Now, on the verge of giving up this tear up and down the landscape of our technotopia, I found...Zettelkasten! Yet-another-note-taking system, I know. And yet what seems to offer salvation is that the essence of it is the digestion of material such that you reproduce it in your *own* words and link it appropriately into the emerging system of your *own* chain of thoughts. That is, I will be forced to digest before moving on. You could say I'm forced to chew my food. :)
So <bangs flagon on table, sharp, level look from bartender> right here, with unpleasant expediency! i begin. Right now I am a sprawl of words titled "How You May Well End Up If You Fail To Grapple FullyWith Source Material (And What You Can Do About It, Hopefully)."
I dunno...does that happen to y'all?
In the spirit of filters, here's a vim line filter that just so happens to express my feeling about sites other than Midnight Pub:
:%g!/\cmidnight pub/d
Unix Programming Environment --- Good book! Yepp. Filters!
Zettelkasten! Yepp. I should have learned this while still in academia. Would have saved me an hour or two rereading stuff :-)
Learning for the sake of learning --- Well. I keep saying: "If no one ever had learned something seemingly useless, we would probably still gather in caves and freeze." So like always, there is a balance to strike. If "learning something new" is creative avoidance in place of something that needs to be done, then it's most probably a bad idea.
With time for just a quick virgin mojito… it happens to me too!
I can with certainty say that the poetic quality you impart to the experience is something I can attain but nonetheless, loosing myself in “learning something new”, the high of finally “getting it”, the despair of purposeless knowledge… I’ve been there way too many times!
I greatly appreciate the insight of transformation!! I’ve been vaguely aware of this concept in education, being described as “making knowledge your own” and whatnot, but the idea of a filter, of transforming knowledge enough until it actually become part of the transformer, I love that!! Wonder how my sporadic teaching would look with that idea on mind!

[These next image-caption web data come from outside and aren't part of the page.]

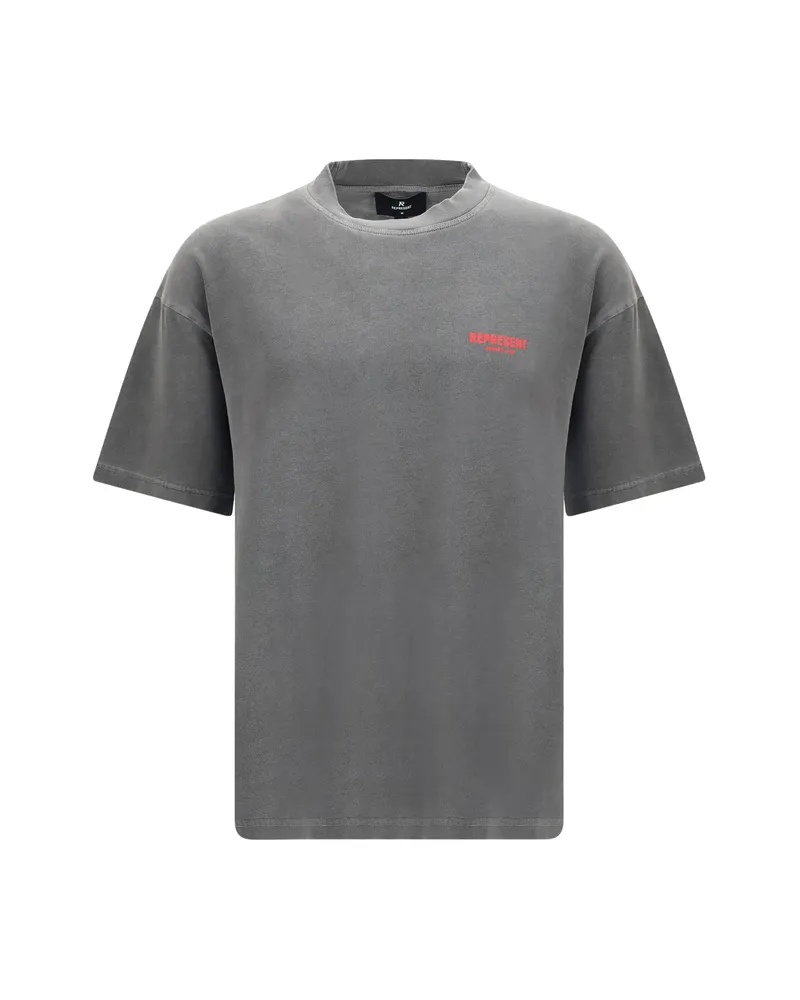 REPRESENT Logo-print T-shirt Grey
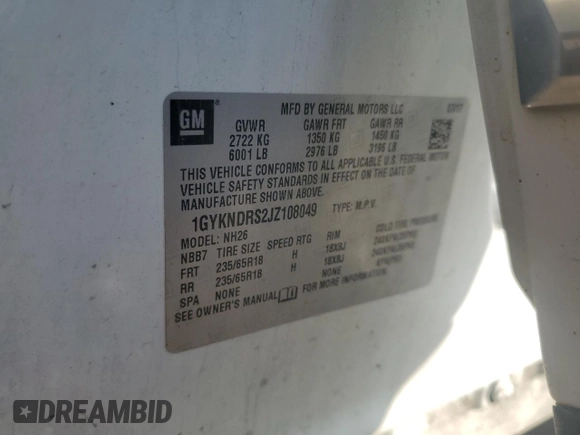2018 Cadillac XT5 Luxury AWD with VIN 1GYKNDRS2JZ108049, listed as a Copart auction lot 55487815 with 142,632 mi miles and Salvage title. Bid and sale history available at DreamBid. Image 13.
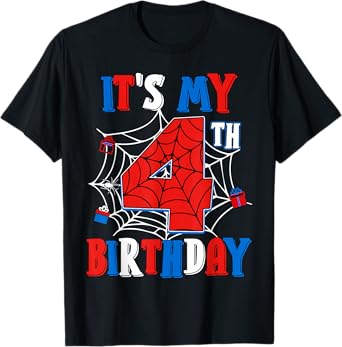 Birthday Boy Kid It's My 4th Birthday Spider Web 4 Year Old T-Shirt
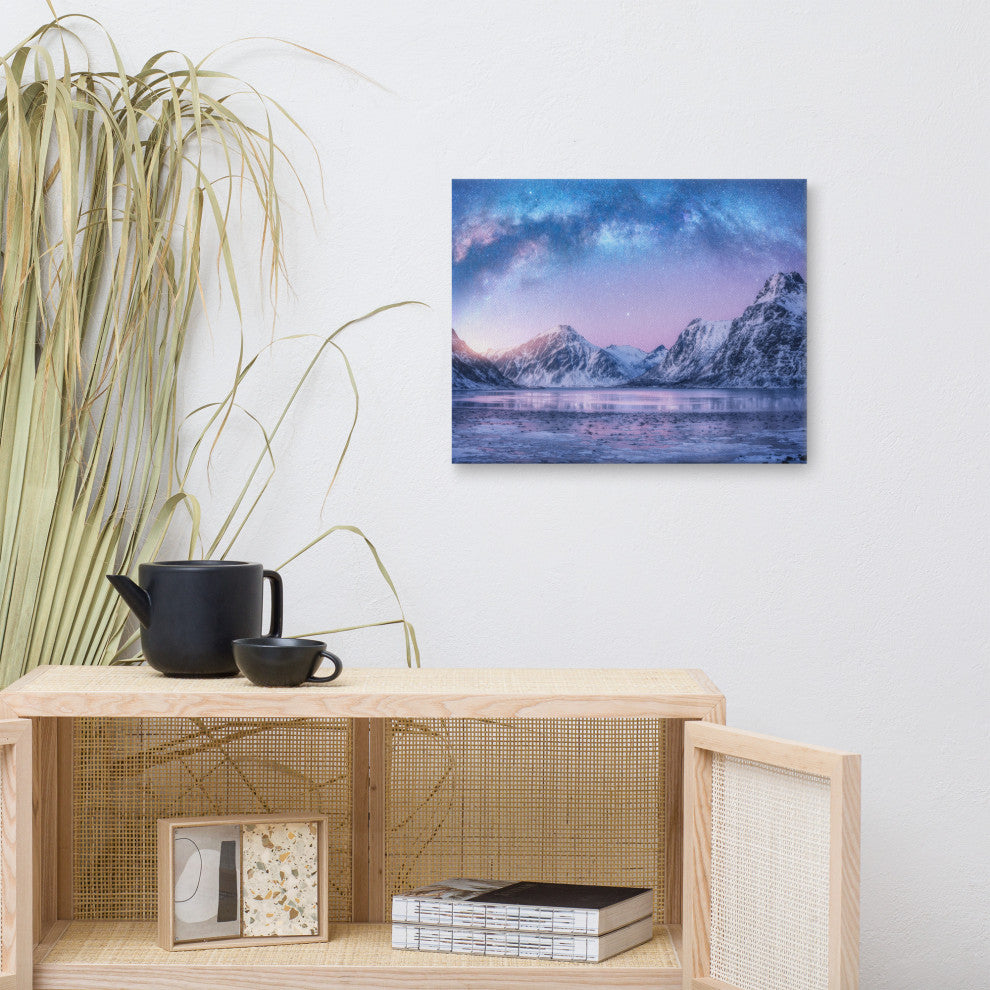 Milky Way Lofoten Islands, Norway Landscape Photo Canvas Wall Art Prints, 16" X 20"
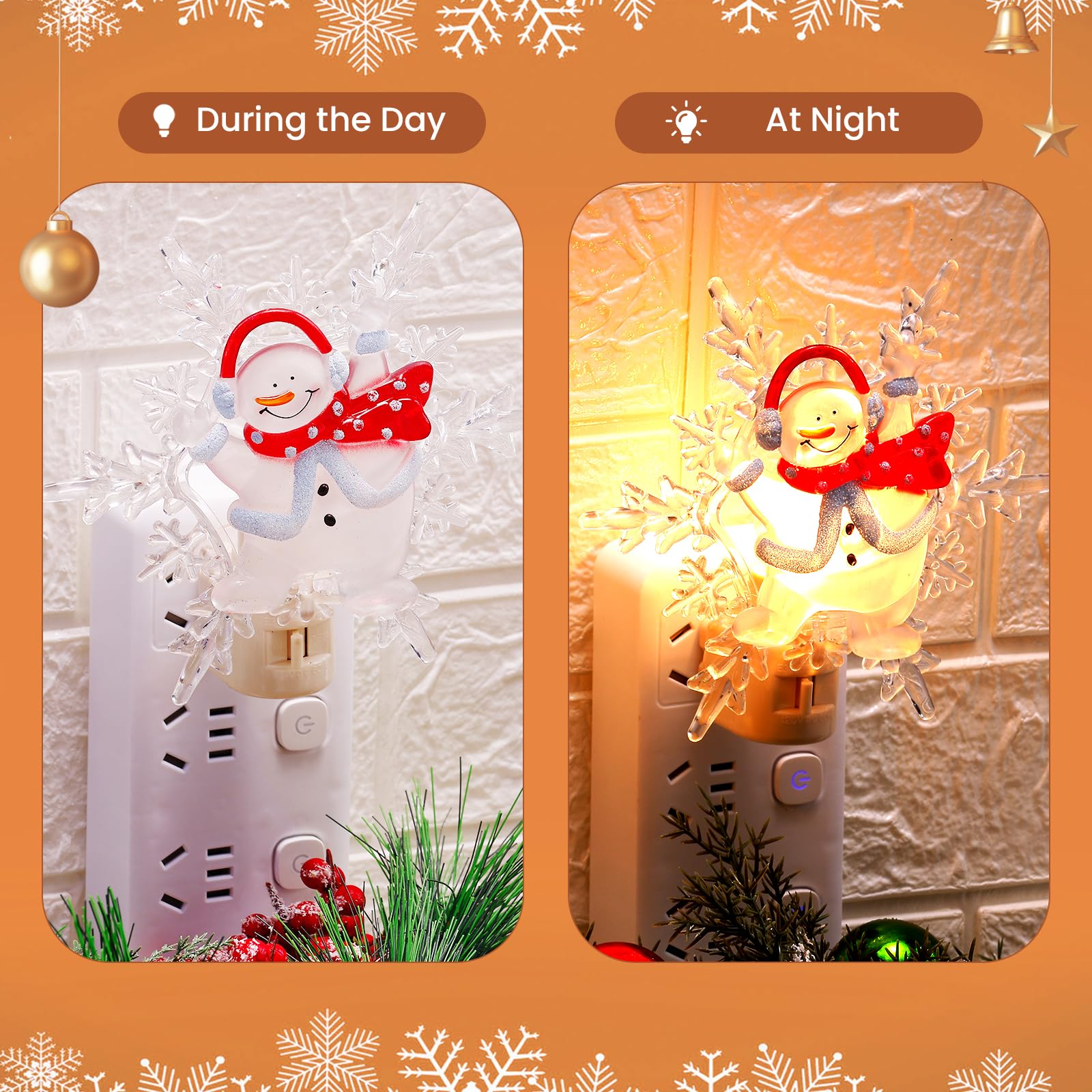 Brightown Christmas Snowflake Night Light Plug-In - 2 Pack 6 Decorative Christmas Snowflake Night Light With On/Off Switch  Plastic Christmas Night Light For Bedroom Living Room Porch Holiday Decor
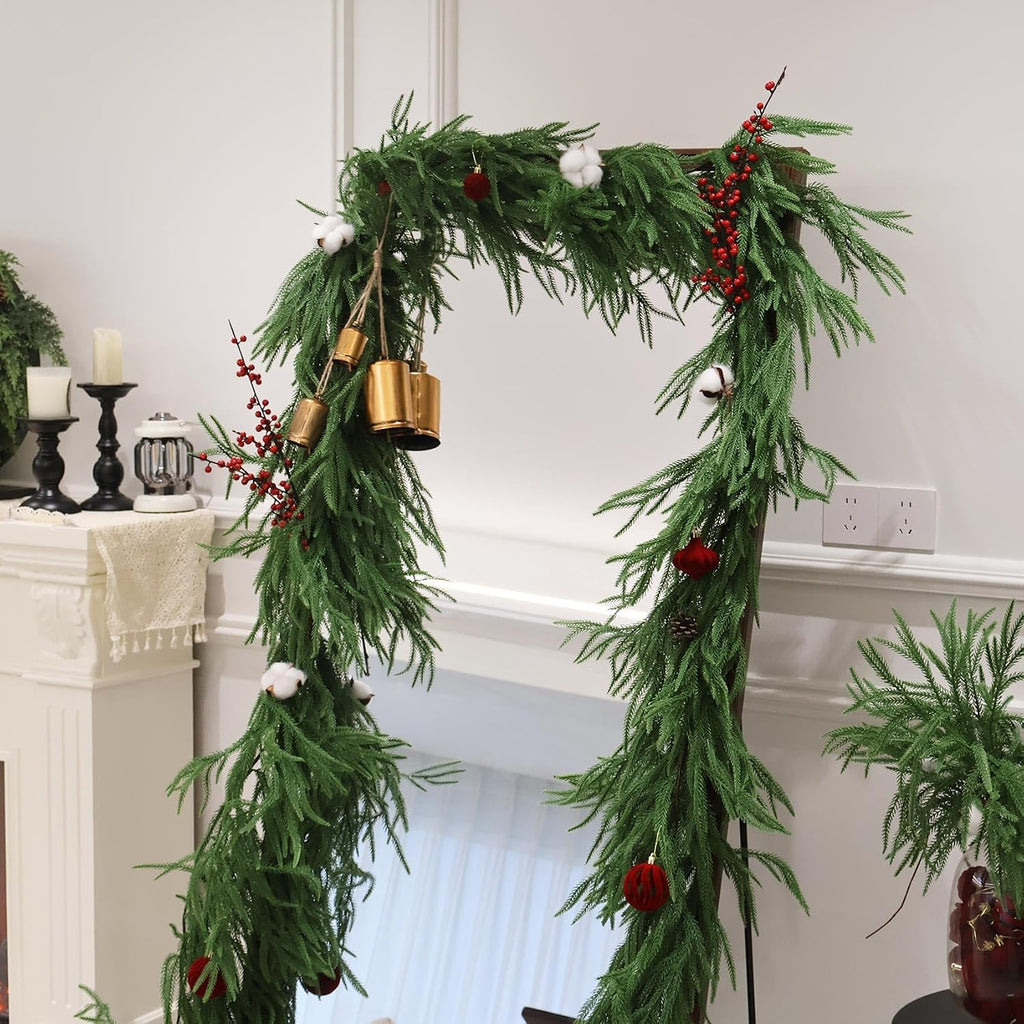 9ft christmas norfolk pine garland real touch for, view 9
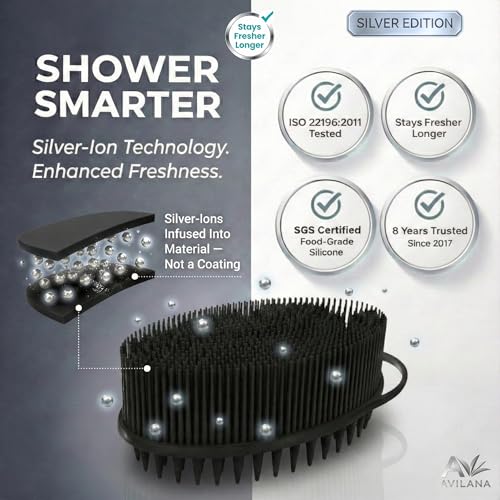 Avilana Silicone Body Scrubber for Shower – SGS Certified Food Grade Dual Sided Bath Brush, Gentle Exfoliating Silicone Loofah Alternative, Sensitive Skin Body Brush (Black-Silver, Scalp) - color: Black-silver, size: Scalp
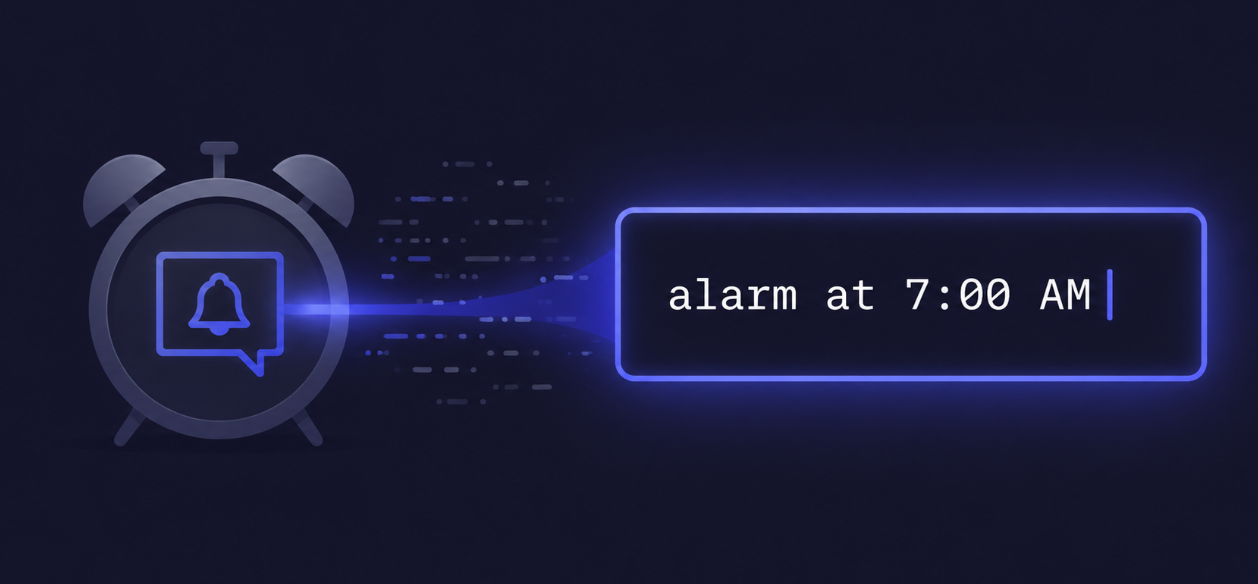 DeveloperAlarm — a tiny alarm clock that speaks the way you type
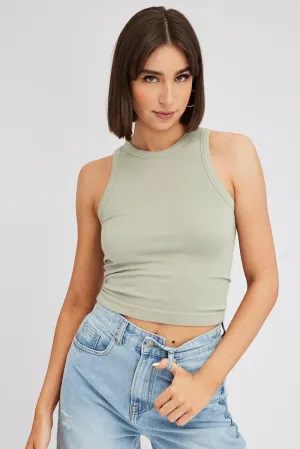 FlexibleCuff Outdoor Wear Green Tank Top Crew Neck Seamless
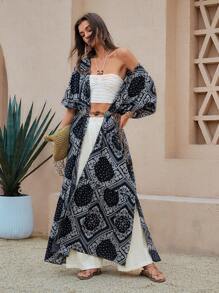 SHEIN LUNE Mùa hè mới Phong cách đồng quê miền Tây nước Mỹ Áo dài in họa tiết hoa đen Bohemian Ngày của Mẹ Áo boho Boho Chic Kỳ nghỉ - màu đen - Xem 1
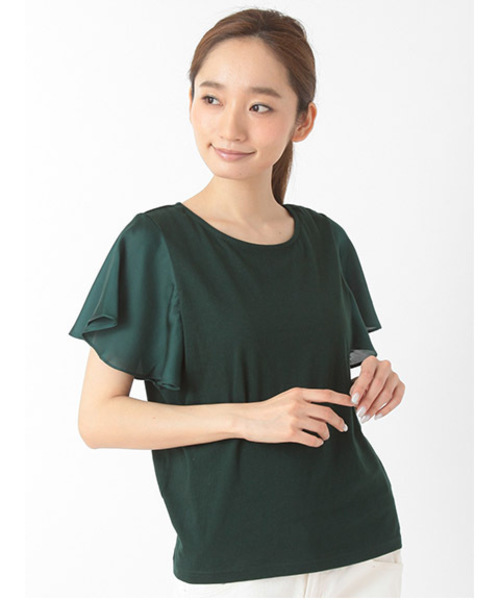 Green Parks(グリーンパークス)の「・W異素材フレアースリーブTシャツ(Tシャツ/カットソー・レディース・マスタード/オフホワイト/ネイビー/グリーン・FREE)」の2枚目の写真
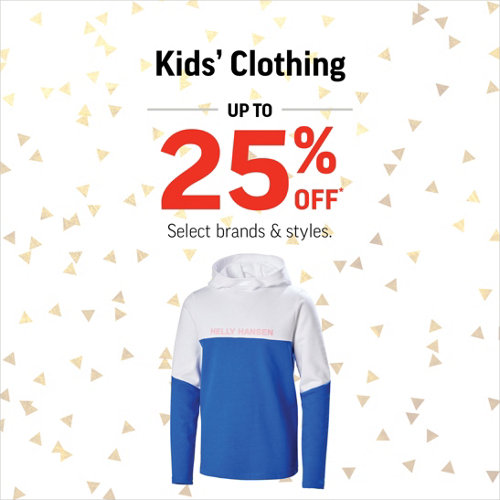 Kids' Clothing 25% Off* Select Styles & Brands.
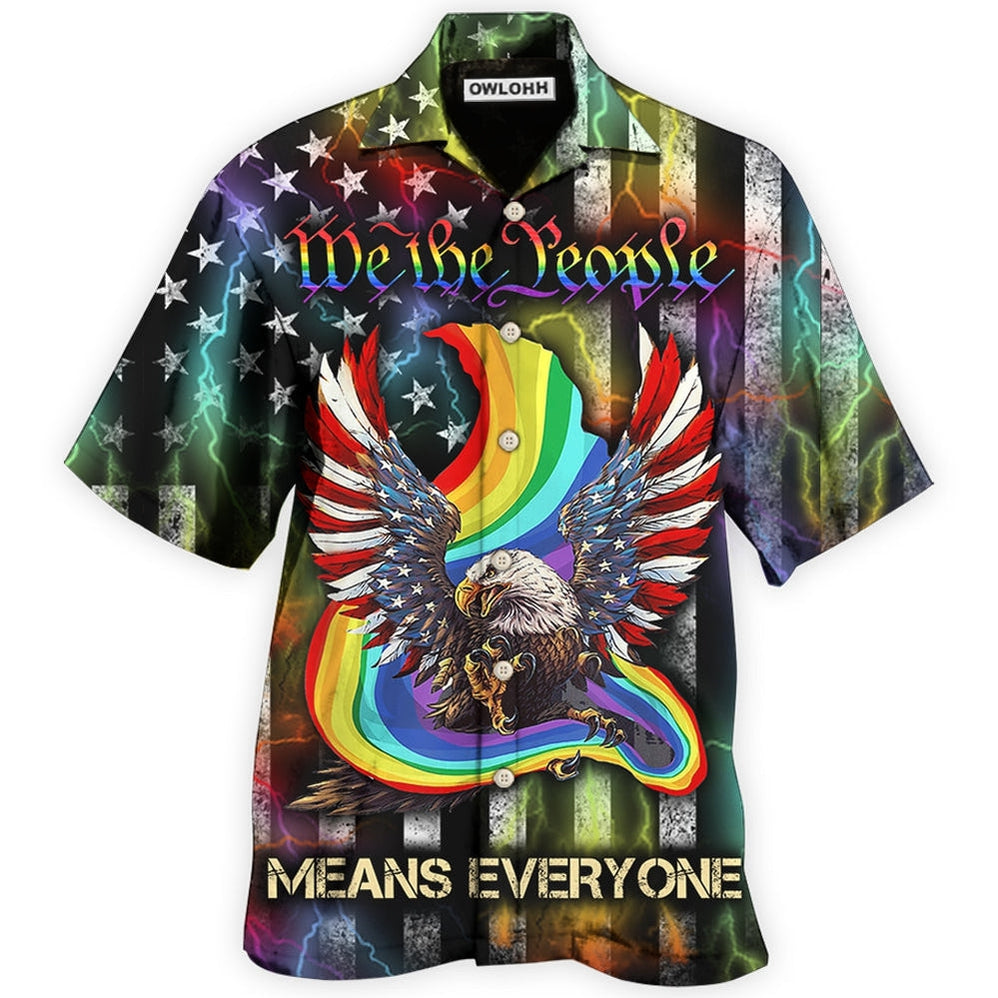Hawaiian Shirt / Adults / S LGBT Eagle We The People Style - Hawaiian Shirt - Owls Matrix LTD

Nowadays I don’t despair that much regarding my learning activities not having a visible/concrete output. The ability of the mind to make connections between things that seem completely unrelated keeps surprising me and sort of keeping my back cover on that side.
For now, and please bartender, could you hand me a mold wine to go… what’s so depraved from the benign vice of learning? It’s one in which neither others are not being hurt nor (hopefully) self either.